RESEARCH ARTICLE
Application of ANN Predictive Model for the Design of Batch Adsorbers - Equilibrium Simulation of Cr(VI) Adsorption onto Activated Carbon
Clint Sutherland1, *, Beverly S. Chittoo1, Chintanapalli Venkobachar2
Article Information
Identifiers and Pagination:
Year: 2019Volume: 13
First Page: 69
Last Page: 81
Publisher ID: TOCIEJ-13-69
DOI: 10.2174/1874149501913010069
Article History:
Received Date: 05/03/2019Revision Received Date: 18/05/2019
Acceptance Date: 30/05/2019
Electronic publication date: 30/06/2019
Collection year: 2019
open-access license: This is an open access article distributed under the terms of the Creative Commons Attribution 4.0 International Public License (CC-BY 4.0), a copy of which is available at: https://creativecommons.org/licenses/by/4.0/legalcode. This license permits unrestricted use, distribution, and reproduction in any medium, provided the original author and source are credited.
Abstract
Background:
Escalation of industrial processes continues to increase the concentrations of Cr(VI) in wastewater above permissible discharge limits. Persistent exposure to Cr(VI)may result in deleterious effects on human health, aquatic life, and the environment. Laboratory-scale adsorption studies have proven effective in achieving the low treatment levels demanded by statutory authorities. The eventual design of the pilot and full-scale systems hinges on the ability to predict adsorption behavior mathematically.
Objective:
The objective of this study is to elucidate the mechanism of Cr(VI) adsorption and to develop an Artificial Neural Network (ANN) model capable of accurately simulating complex multi-layered adsorption processes.
Methods:
Batch equilibrium experiments were conducted for the removal of Cr(VI) by activated carbon. Conventional two and three-parameter equilibrium models such as the Langmuir, Freundlich, Sips, original BET and modified BET were used to simulate the data and expound the mechanism of adsorption. An ANN model was constructed with the built-in effect of the residual Cr(VI) concentration for the prediction of the equilibrium sorption capacity.
Results:
The modified BET model was most successful at predicting the monolayer coverage.

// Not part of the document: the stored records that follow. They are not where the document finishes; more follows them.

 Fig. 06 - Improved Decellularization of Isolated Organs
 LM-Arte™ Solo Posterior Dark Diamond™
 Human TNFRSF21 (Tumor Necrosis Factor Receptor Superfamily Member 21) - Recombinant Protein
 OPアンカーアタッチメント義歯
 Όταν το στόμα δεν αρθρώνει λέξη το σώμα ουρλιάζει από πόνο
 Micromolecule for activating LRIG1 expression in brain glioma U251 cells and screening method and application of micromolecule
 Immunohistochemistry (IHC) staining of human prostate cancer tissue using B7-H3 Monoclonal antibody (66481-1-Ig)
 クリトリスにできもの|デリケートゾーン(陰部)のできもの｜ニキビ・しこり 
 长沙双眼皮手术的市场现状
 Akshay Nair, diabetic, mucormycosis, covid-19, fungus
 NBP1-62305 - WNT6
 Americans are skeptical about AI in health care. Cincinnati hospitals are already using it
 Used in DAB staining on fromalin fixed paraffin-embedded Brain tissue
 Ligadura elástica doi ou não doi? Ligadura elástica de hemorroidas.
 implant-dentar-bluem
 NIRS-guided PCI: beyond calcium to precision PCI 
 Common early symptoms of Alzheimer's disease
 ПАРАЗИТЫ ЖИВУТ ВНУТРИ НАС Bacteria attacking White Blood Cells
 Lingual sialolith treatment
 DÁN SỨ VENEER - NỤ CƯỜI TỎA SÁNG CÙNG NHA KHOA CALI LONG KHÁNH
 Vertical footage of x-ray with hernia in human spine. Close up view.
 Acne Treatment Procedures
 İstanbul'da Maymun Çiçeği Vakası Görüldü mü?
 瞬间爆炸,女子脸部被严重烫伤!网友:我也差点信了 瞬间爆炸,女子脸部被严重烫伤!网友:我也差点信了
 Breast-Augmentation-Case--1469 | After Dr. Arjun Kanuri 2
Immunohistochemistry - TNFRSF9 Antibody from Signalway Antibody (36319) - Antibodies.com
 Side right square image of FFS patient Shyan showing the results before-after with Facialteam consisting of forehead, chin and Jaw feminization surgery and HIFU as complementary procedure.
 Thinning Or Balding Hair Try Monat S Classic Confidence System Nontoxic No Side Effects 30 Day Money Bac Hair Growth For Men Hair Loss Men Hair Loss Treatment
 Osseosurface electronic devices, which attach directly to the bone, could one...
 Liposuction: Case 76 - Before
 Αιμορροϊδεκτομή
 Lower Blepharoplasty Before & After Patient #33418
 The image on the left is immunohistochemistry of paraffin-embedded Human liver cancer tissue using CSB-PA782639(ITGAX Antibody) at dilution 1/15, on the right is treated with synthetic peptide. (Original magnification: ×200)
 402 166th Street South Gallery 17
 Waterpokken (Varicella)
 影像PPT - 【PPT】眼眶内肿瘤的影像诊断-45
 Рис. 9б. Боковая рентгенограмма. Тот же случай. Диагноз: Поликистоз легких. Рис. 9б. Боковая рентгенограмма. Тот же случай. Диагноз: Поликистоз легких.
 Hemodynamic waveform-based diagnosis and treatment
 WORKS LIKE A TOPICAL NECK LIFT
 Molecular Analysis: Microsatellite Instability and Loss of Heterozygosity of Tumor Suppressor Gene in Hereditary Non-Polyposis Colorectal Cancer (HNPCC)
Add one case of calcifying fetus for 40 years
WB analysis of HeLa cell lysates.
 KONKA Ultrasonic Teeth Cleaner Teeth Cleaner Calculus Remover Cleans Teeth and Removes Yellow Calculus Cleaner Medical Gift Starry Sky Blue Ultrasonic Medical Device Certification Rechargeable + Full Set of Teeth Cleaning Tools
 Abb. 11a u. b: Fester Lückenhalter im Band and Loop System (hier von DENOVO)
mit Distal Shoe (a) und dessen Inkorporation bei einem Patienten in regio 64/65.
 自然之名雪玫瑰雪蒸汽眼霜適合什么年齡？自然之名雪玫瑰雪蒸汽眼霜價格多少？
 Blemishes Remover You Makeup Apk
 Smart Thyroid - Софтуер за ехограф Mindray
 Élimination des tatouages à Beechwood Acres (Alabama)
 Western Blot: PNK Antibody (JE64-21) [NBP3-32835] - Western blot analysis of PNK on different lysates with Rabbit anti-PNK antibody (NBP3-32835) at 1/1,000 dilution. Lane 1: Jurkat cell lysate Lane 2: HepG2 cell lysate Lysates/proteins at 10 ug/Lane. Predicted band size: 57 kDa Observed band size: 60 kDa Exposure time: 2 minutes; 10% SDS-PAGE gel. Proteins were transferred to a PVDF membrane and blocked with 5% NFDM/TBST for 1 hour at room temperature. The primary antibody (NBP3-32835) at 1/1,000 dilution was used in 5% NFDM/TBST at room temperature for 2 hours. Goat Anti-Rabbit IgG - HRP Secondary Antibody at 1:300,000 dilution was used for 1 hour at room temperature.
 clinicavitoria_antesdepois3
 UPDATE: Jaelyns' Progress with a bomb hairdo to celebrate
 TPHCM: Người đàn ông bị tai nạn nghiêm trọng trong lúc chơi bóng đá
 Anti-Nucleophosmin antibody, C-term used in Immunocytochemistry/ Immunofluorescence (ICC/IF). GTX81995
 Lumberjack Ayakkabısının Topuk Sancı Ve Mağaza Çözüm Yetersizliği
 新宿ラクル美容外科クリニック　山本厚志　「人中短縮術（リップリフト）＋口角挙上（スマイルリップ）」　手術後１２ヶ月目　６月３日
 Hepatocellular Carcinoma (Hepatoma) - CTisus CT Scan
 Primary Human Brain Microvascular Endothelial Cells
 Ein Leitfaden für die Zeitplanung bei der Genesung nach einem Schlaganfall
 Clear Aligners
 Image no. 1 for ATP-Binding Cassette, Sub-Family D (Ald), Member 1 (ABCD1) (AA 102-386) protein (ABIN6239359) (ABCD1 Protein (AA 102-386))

However, the model failed to capture the complex shape of the isotherm at higher initial concentrations. The highest correlation to the equilibrium data was revealed by the ANN model (R2 = 0.9984).
Conclusion:
A batch adsorber was successfully designed using mass balance, and incorporating the predictive ability of the ANN model. In spite of the ANN’s ability to simulate the adsorption process, it provides little insight into the mechanism of adsorption. However, its ability to accurately predict Cr(VI) removal enables the up-scaling of the adsorption processes to pilot and full-scale design.